A jakby tego wszystkiego było mało, książka jest ewidentnie edytowana i tłumaczona w pośpiechu - są i literówki, i błędy gramatyczne, i ewidentne kalki z hiszpańskiego, które po polsku brzmią jak drewno, a do tego jeszcze takie kwiatki jak bohater wchodzący do domu, zamykający drzwi, czytający list pod nimi znaleziony... i po jego przeczytaniu ponownie wchodzący do tego samego domu i zamykający te same drzwi. Ja naprawdę nie jestem najuważniejszym i najbystrzejszym czytelnikiem, więc jeśli widzę takie kiksy, to znaczy, że jest już bardzo źle.
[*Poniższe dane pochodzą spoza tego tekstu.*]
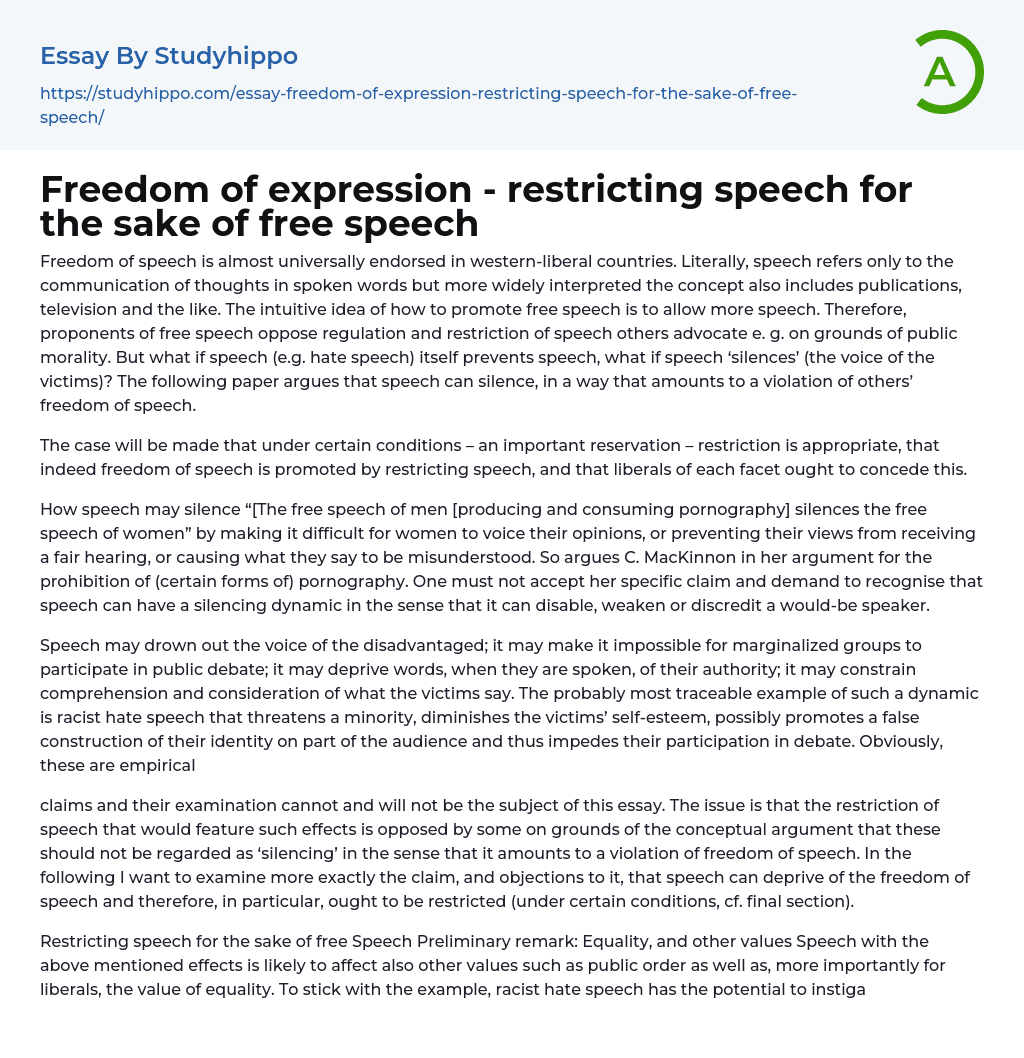 Freedom of expression – restricting speech for the sake of free speech Essay Example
(Na obrazku jest Mendoza, bo "Cień wiatru" został w Polsce, a jak dwie książki, to dwie. Mendoza był zresztą w porządku, chociaż bohater też trochę się miotał, ale chyba taki był pomysł.)

5 komentarzy:

  1. Wieść gminna głosi, że Zafon był przez Logiczkę czytany nawet w trakcie imprezy sylwestrowej, by zdążyć przed północą i zaliczyć go do lektur 2011 roku ;) Choć oczywiście jest to zupełnie nic w porównaniu z czytaniem przez Logiczkę Krall na festynie w Szamotułach po koncercie Bajmu :D

    OdpowiedzUsuń
  2. Dodam: czytanie przez Logiczkę Hanny Krall nawet wtedy, gdy w przedziale pociągu wyłączono światło :) Patrz, nie zrecenzowałam tego koncertu w końcu, a w tym roku nie dojadę. Będzie jakaś trasa Bakmu za rok może.

    OdpowiedzUsuń
    Odpowiedzi
    1. Widzę, że Wieść Gminna nieźle plotkuje na mój temat na konferencjach :P

      Usuń
  3. Duh!!! No właśnie, 25 maja jesteś w Turcji, a co z 2 czerwca? Bajm gra w Kole ;)

    OdpowiedzUsuń
    Odpowiedzi
    1. 3-5 czerwca chyba będę w Zagłębiu Ruhry na konferencji. Może mi się jeszcze odechcieć.